DIRECTIONS FOR THIS TASK - The lines below starting at the line containing "Revue Fairen n°30" and ending at the line containing "Lab using disposable" are to be repeated exactly, with both ends kept and nothing else added.

:: MATERIAL PROVIDED ::

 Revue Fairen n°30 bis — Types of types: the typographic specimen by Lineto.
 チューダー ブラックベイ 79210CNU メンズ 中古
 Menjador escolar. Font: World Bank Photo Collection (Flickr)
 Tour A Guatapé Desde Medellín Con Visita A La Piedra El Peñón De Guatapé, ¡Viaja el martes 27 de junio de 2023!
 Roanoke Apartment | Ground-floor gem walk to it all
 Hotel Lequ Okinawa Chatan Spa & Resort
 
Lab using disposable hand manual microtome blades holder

:::
:: MATERIAL PROVIDED ::

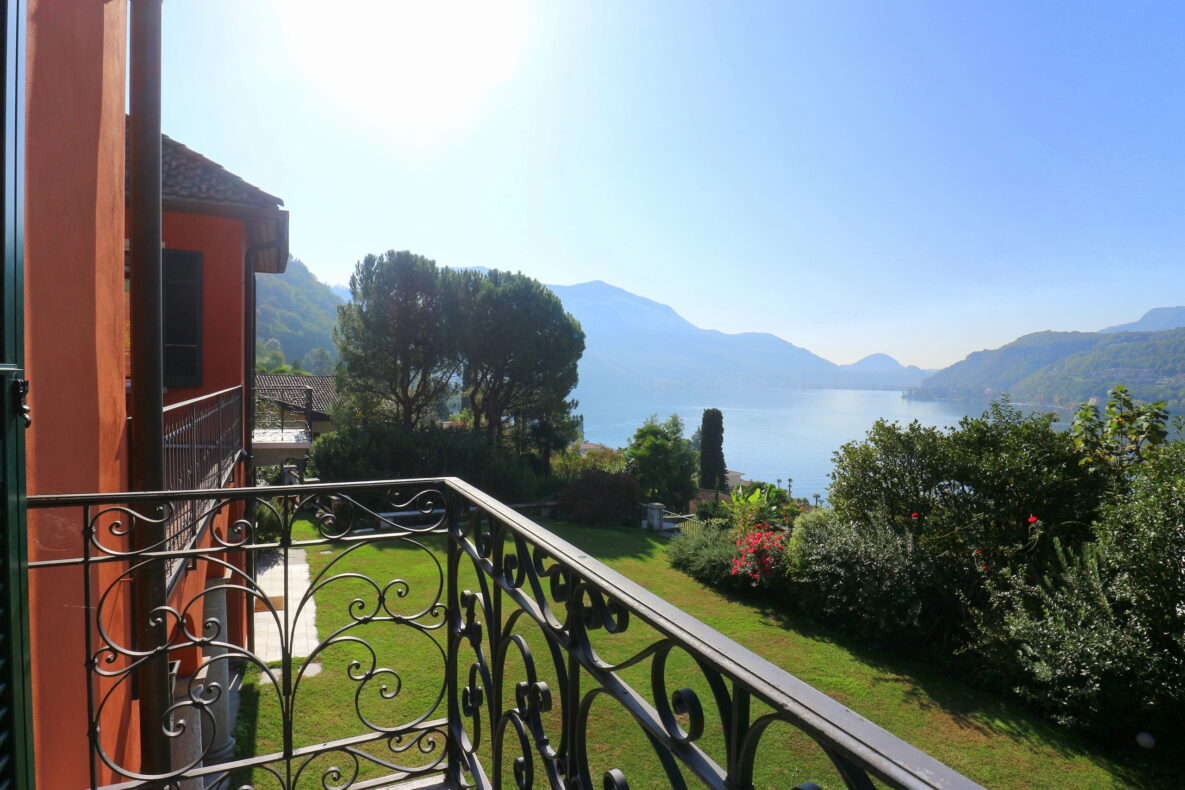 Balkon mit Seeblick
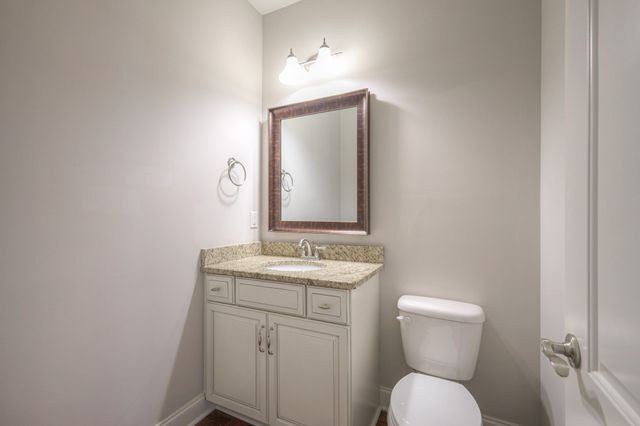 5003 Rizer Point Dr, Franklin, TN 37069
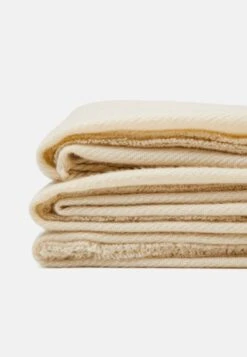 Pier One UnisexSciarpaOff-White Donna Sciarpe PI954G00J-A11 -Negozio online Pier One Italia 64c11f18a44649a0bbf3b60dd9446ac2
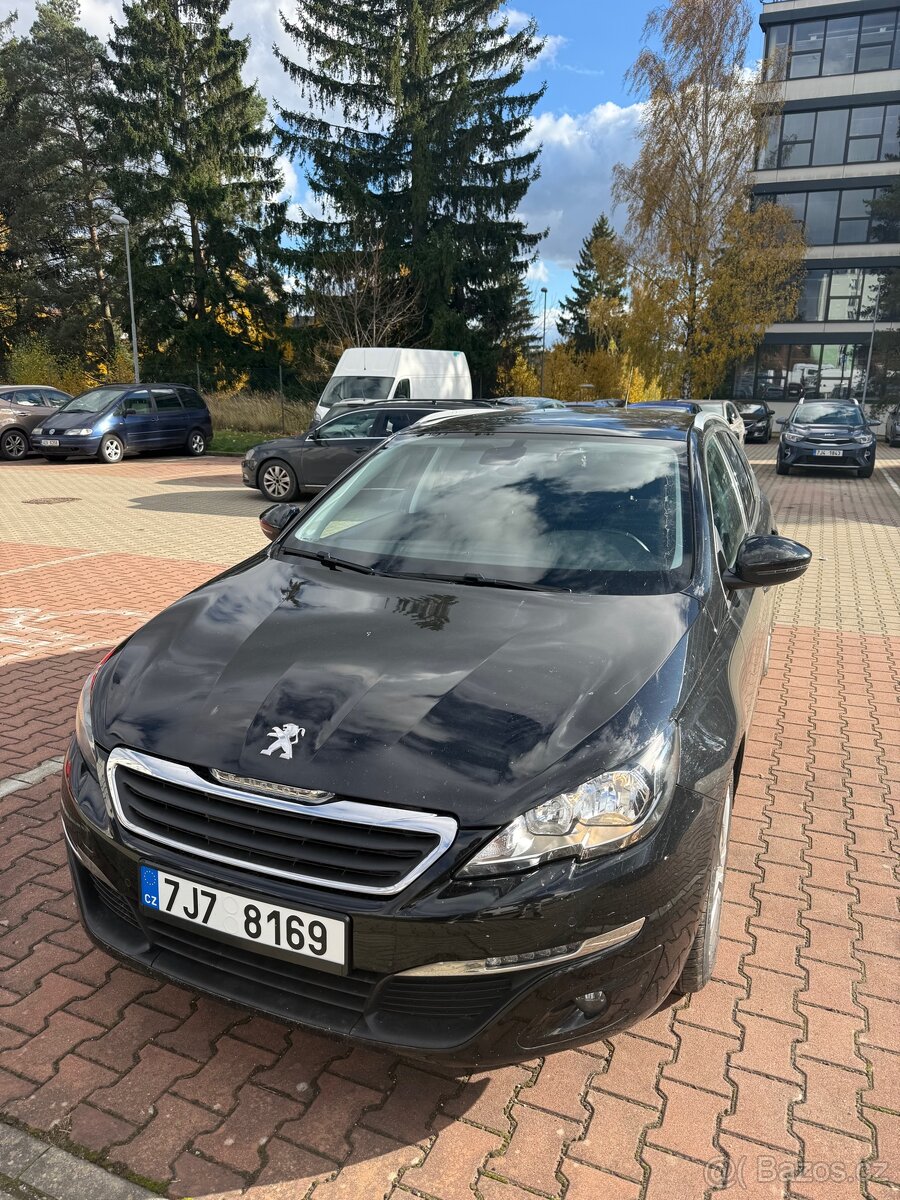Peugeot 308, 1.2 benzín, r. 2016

:::
:: MATERIAL PROVIDED ::

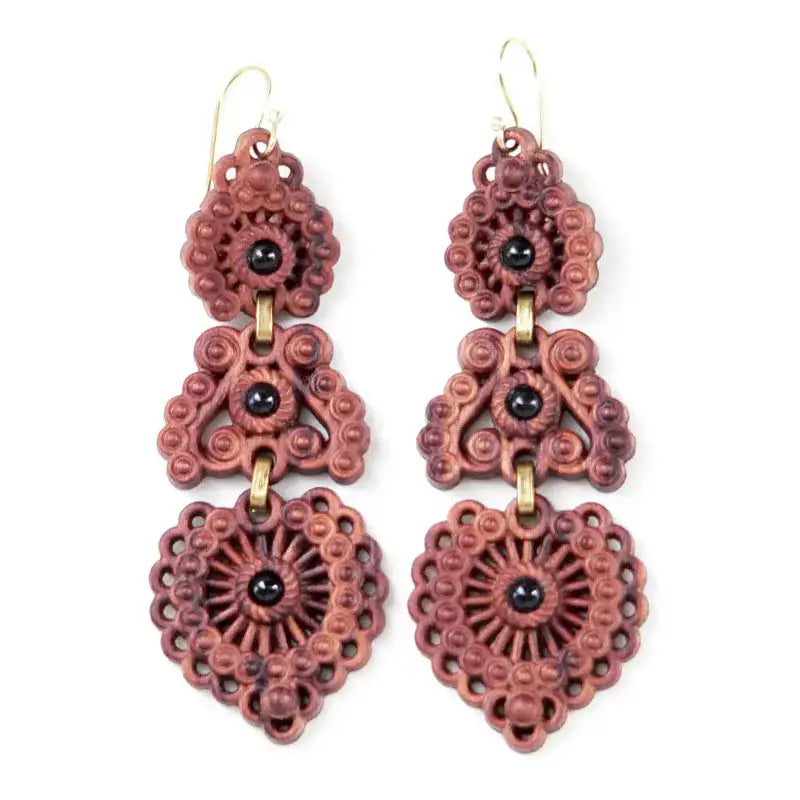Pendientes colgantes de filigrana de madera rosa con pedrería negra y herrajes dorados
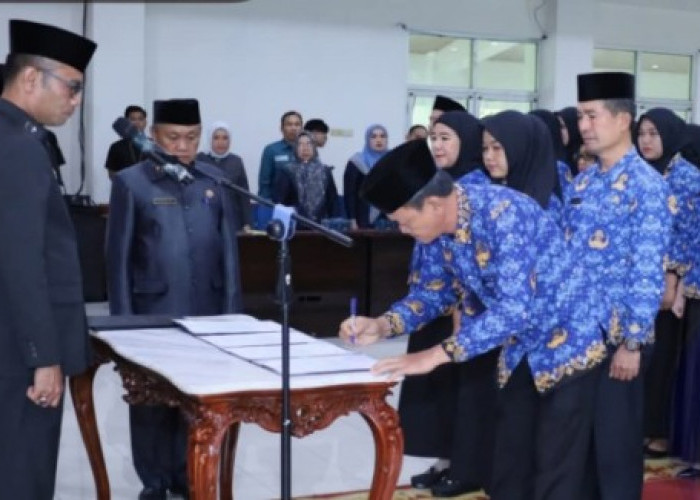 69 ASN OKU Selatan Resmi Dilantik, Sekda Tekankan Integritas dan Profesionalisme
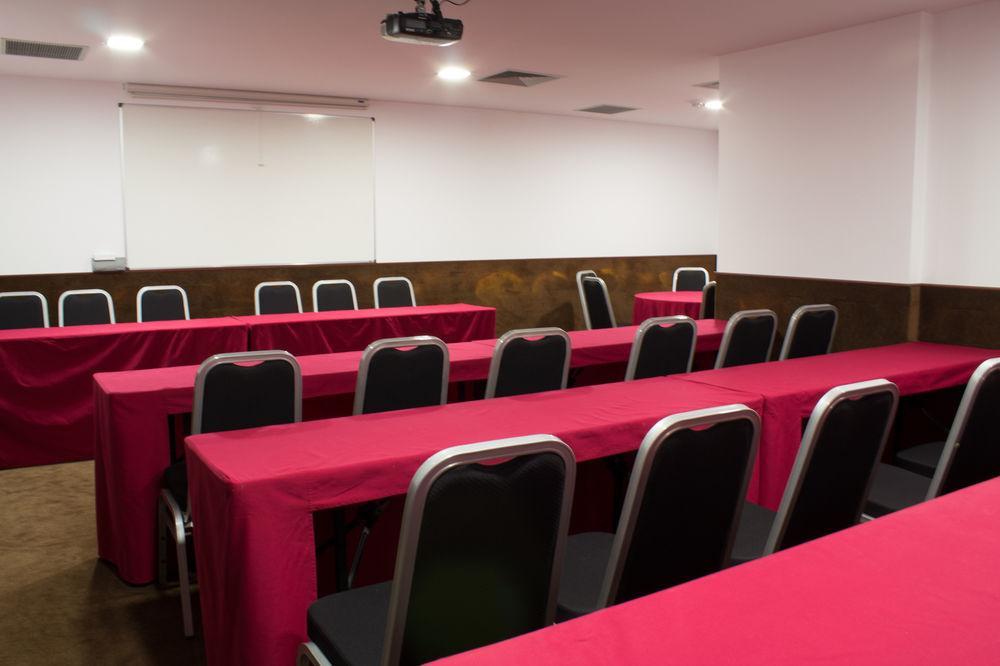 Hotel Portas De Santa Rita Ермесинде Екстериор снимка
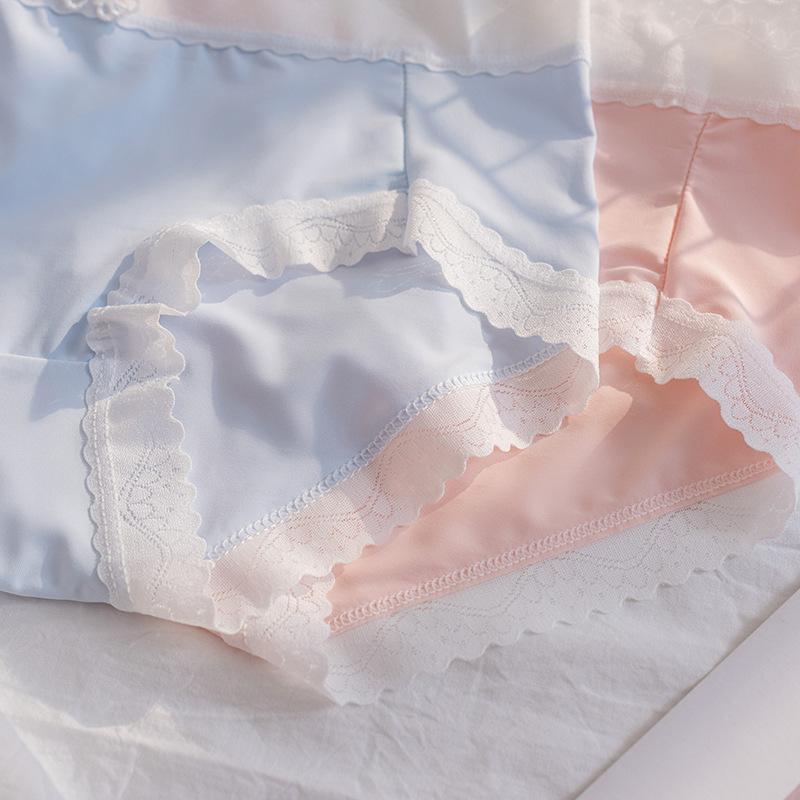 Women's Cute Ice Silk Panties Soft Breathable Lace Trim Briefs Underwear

:::

ANSWER TO THE EXERCISE -
 Revue Fairen n°30 bis — Types of types: the typographic specimen by Lineto.
 チューダー ブラックベイ 79210CNU メンズ 中古
 Menjador escolar. Font: World Bank Photo Collection (Flickr)
 Tour A Guatapé Desde Medellín Con Visita A La Piedra El Peñón De Guatapé, ¡Viaja el martes 27 de junio de 2023!
 Roanoke Apartment | Ground-floor gem walk to it all
 Hotel Lequ Okinawa Chatan Spa & Resort
 
Lab using disposable hand manual microtome blades holder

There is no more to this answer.